Folks, cigarette may be bad for you, but here is proof they can save your life. In this photo, I am holding the chisel to show you where it enter the cigarette pack, which was in my shirt pocket right over my left chest. This could have killed me if it had not been for the cigarette pack slowing it down.
Well, as Crazy Cooter would say (c'mon, everyone knows Crazy Cooter on Dukes of Hazzard), I may be crazy but I aint dumb.
After this scare, and checking my britches, I decided that this oak ply was just too tough. It would be fine if I could turn it correctly against the grain direction, but that's not possible with plywood. You can cut it fine towards the middle. The problem comes in when you get towards that outside layer where the grain is running towards you and the chisel is at the wrong angle. 
Well, as my Grandpa would have said, there's more than one way to skin a stinking pole cat.

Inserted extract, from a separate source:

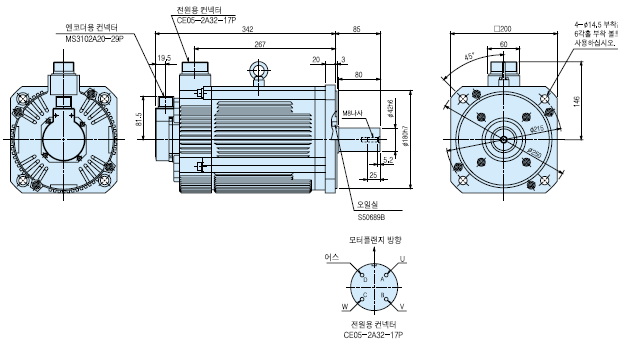 HA-LFS702 서보모터 외형도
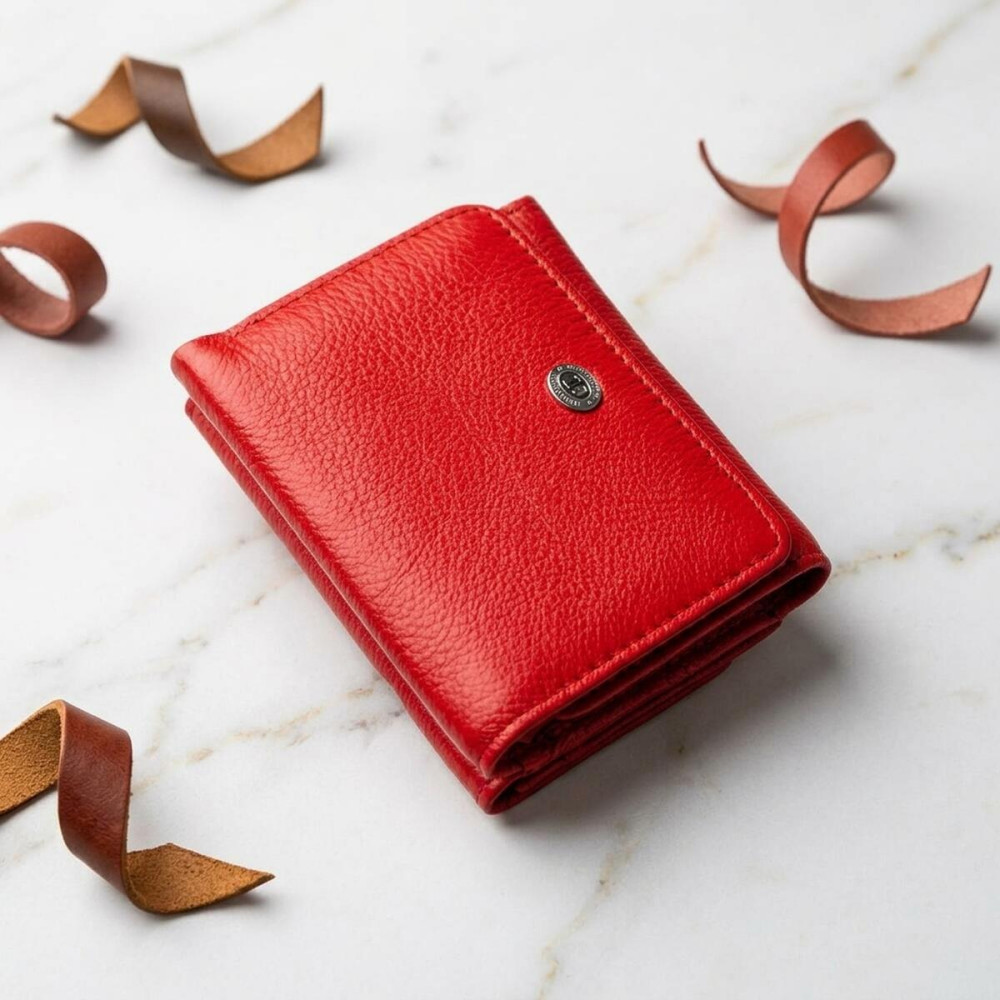 Яркий компактный женский бумажник ST Leather 18892 Красный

All I need is to cut these wheels down to size, concentrically, with the exact center. Then it hit me.
Now that we have the bearings installed, that one inch steele shaft is where we need the exact center. I just need to remove material at an exact circle coming out from that shaft. I recently made two different circle jigs, so the old one that came with the router that KTMM made is just hanging on the wall, unused.









After some careful measurement, the steel shaft provides a rock solid pivot pin through the wheel and I could use the router to cut my concentric circle right where it needed to be. I added oak scrap piece on top of the circle jig because I wanted to make sure there was no play. This was no time for errors. I needed the precise. I started with only one wheel so that if this idea failed, I still had the one extra we've made I could use to get back to the drawing board.
This cut the outside wheel part. Then I only had to reset and set the depth stop to cut the pulley parts the exact same way.









The proof is in the photos. In this photo, the wheel is turning very fast. If you look towards the middle, on the inside edge of the pulley part, you can see what it looks like if things aren't exactly concentric. There is a blurring. Now notice there is no blurring on the outside edge of the pulley or wheel. This idea worked perfectly. The wheels are noe concentric.
I cut them two milimeters over the forty centimeters they are supposed to be. I done so because the still have to have a rounded edge to them. This leave one milimeter around the entire wheel that can come off as I use sandpaper to work down to the curve.








And here is what I've been wanting to see. This is two wheel mounted on the frame assembly with a blade on them. Now, as soon as I can get back on it (got something else to take care of today) I just have a lot of sanding to do on the wheels.


----------



## DIYaholic (Jan 28, 2011)

MSlumberjocks said:


> *The Wheels On The TSP.......*
> 
> The wheels on the top secret project go round and round, round an…....
> 
> ...


They say ; "If at first you f#%k up", try, try, again!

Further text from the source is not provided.